I’m trying to do a simple count of households by geography using the sum of hhwt values and filtering out duplicates of serial numbers, using the 2021 1YR ACS. When I do this for the state of Minnesota I get a total of 2,281,037, very close to the ACS table S1101 total of 2,281,033. However, when I follow the same approach for a metro area I get different results. I used IPUMS MET2013 #11700 for Asheville NC and came up with a total household count of 221,068, while the Census household total for the MSA is 185,423. Might Census and IPUMS be using different geographies for the Asheville MSA?
MET2013 uses 2013 metro area definitions while the 2021 ACS summary data use 2020 metro definitions. In addition, as explained in the MET2013 variable description, MET2013 is not always exact because the source PUMS files do not identify any sub-state geographies other than PUMAs, and MET2013 identifies only the metro area that respondents are likely to live in based on available PUMA information. MET2013 allows for a 15% population mismatch tolerance between PUMAs and a 2013 metro area, which is based on 2010 population totals for samples that use 2010 PUMAs, as the 2021 ACS sample does. This means a population summary based on MET2013 could be off by more than 15% from the ACS summary data if there has been significant population change in the area since 2010 (as is the case for Asheville in 2021). The MET2013 variable description also provides links to more information about the degree and type of mismatch for each metro area.
Got it. If I want household estimates for metro areas is Met2013 still the best variable to use (if I want to avoid the metro by metro summary of PUMAs)? Related, is a Met2023 in the works at IPUMS, and if so when might it be released?
To get metro-area estimates from current ACS microdata, MET2013 is the best available option in IPUMS USA.
By “metro by metro summary of PUMAs,” do you mean deriving metro-area estimates based on PUMA info? If so, that’s basically how MET2013 works already. One thing you could achieve by going back to the PUMAs yourself is to generate info for metro areas that MET2013 doesn’t identify because their best-matching PUMAs exceed the 15% population mismatch threshold, or you could weight residents who live in split PUMAs according to the proportion of the PUMA population in the metro area, which would get you closer to the totals from the ACS summary tables.

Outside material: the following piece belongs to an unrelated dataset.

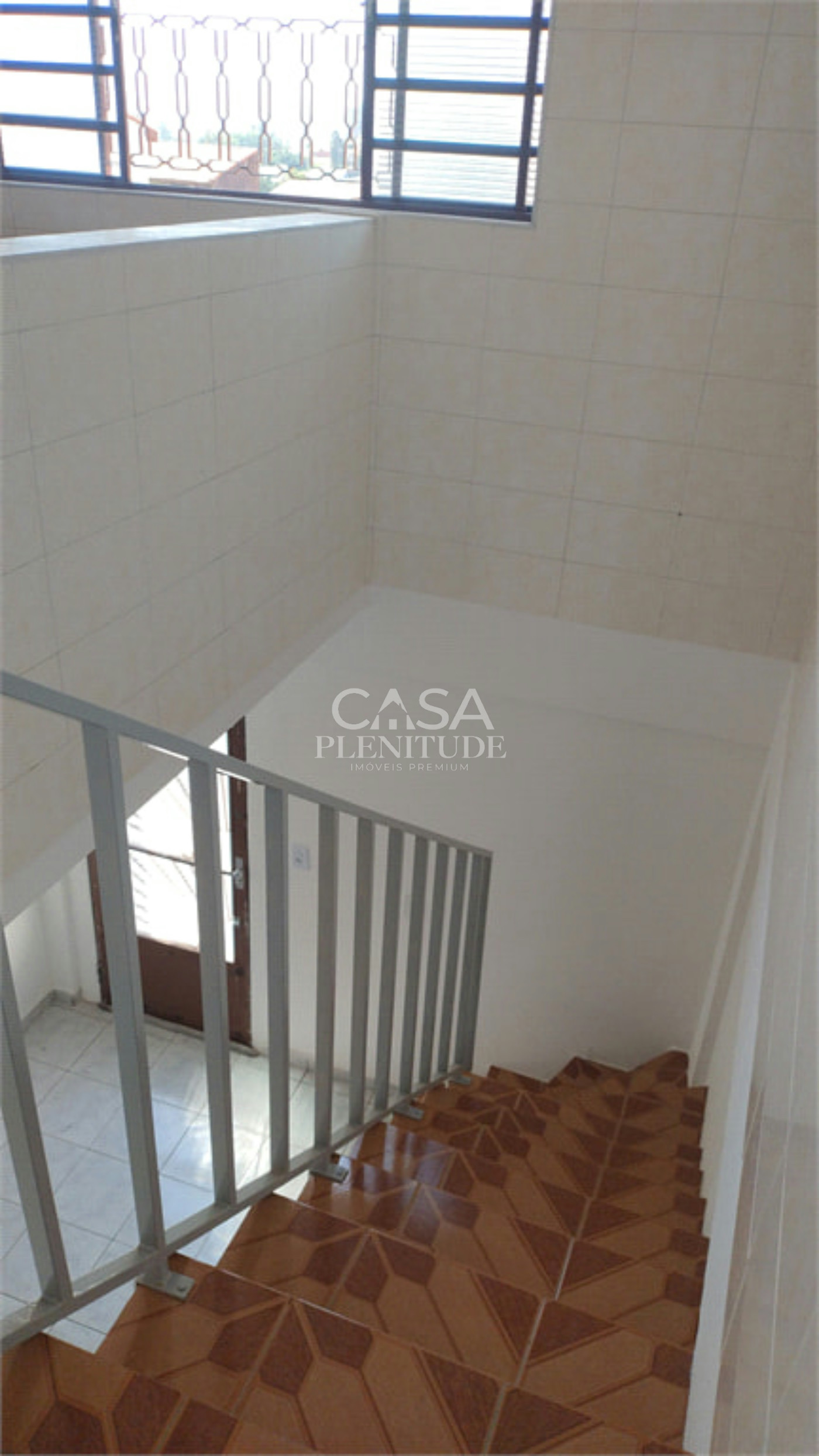 Casa à venda com 4 quartos, sendo 1 suíte, em Jardim Itanguá, Sorocaba, SP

Alternatively, IPUMS NHGIS provides ACS summary tables for metro areas (along with micro areas as “core-based statistical areas”).
Yes, we plan to add a MET2023 in the future. I’d speculate we’ll get there in a year or two. Our first priority will be extending MET2013 into the 2022 ACS samples, which will require extra effort because the 2022 samples will be the first to use new 2020 PUMAs.
Thank you for clarifying that 2022 will be the first to use the 2020 PUMAs!
Thanks for this response. Because I’m just looking at larger metro areas I think the MET2013 variable will meet my needs. Appreciate IPUMS doing the work to get these metro aggregations.